A friend of my aunt from Italy was invited to stay with us for Christmas. Before he came here, my aunt prepared a lot of pasta and Italian food for him to consume during his vacation. While we were dining together, the Italian tried Filipino food, but still couldn’t survive without his usual Italian meals. He was astounded by how Filipinos consumed rice. He wondered why we never get tired of eating it. Filipinos eat viand with rice for breakfast, lunch, and dinner. Moreover, rice is still present during dessert and afternoon snacks. White rice is the most commonly consumed during meals, while the sticky or glutinous rice is used for desserts.

I told the Italian why Filipinos loved rice. I explained to him that even though rice doesn’t have a rich flavor, it still has that distinguished taste that enhances food that are mixed with it. I also told him that Filipino dining is not complete without rice. The Italian got more skeptical when I told him that rice still plays a big role during desserts. I was challenged by his disbelief, so I went out and bought him different kinds of rice desserts available in the country.

The most loved rice dessert that I know is “biko”. It is cooked sticky rice with coconut, sugar, and a caramel topping layer. It is always present in family gatherings, fiestas, and other celebrations. It is considered as a simple but special dessert and an all-time favorite. The Italian liked it but commented that it was too sweet for his taste buds.

One of my favorites is “sapin-sapin”. I like the layers and colors and the “ube” flavor that is added to it. The purple layer is flavored with a root crop called “ube”. It is not as sweet as “biko” and has a very pleasing soft texture. It became one of the Italian’s favorite too.

Another loved rice cake is “kutsinta” what is special about it is the fresh coconut shredding topping. The soft rice cake and the crunchy white coconut combination is unforgettable.

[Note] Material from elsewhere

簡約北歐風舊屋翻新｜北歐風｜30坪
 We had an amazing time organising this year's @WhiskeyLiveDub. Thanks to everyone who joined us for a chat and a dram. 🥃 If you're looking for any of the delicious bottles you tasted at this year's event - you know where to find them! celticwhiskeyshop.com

“Putong puti” and “ampao” are known as the children’s choice among all rice desserts. “Putong puti” is steamed rice dough topped with cheese. Children like it because of its gentle sweet flavor and softness. Some adults also like to pair it with “dinuguan” which is an exotic Filipino dish made up of pork meat and internal organs.

On the other hand, “ampao” is just simply sweet but crunchy. It is often used by parents as substitute for salty potato chips that are unhealthy. He decided to bring some “ampao” to Italy because it does not get spoiled right away.

After introducing all these rice desserts to the curious Italian, he gradually forgot that he was eating rice. He enjoyed the different flavors and realized that it is truly a special food. He then understood the flavors that rice can bring to Filipino dining. Then during dinner time, I asked him why he never gets tired of eating pasta. And in order for him to answer that question, it is his turn to feed me Italian food.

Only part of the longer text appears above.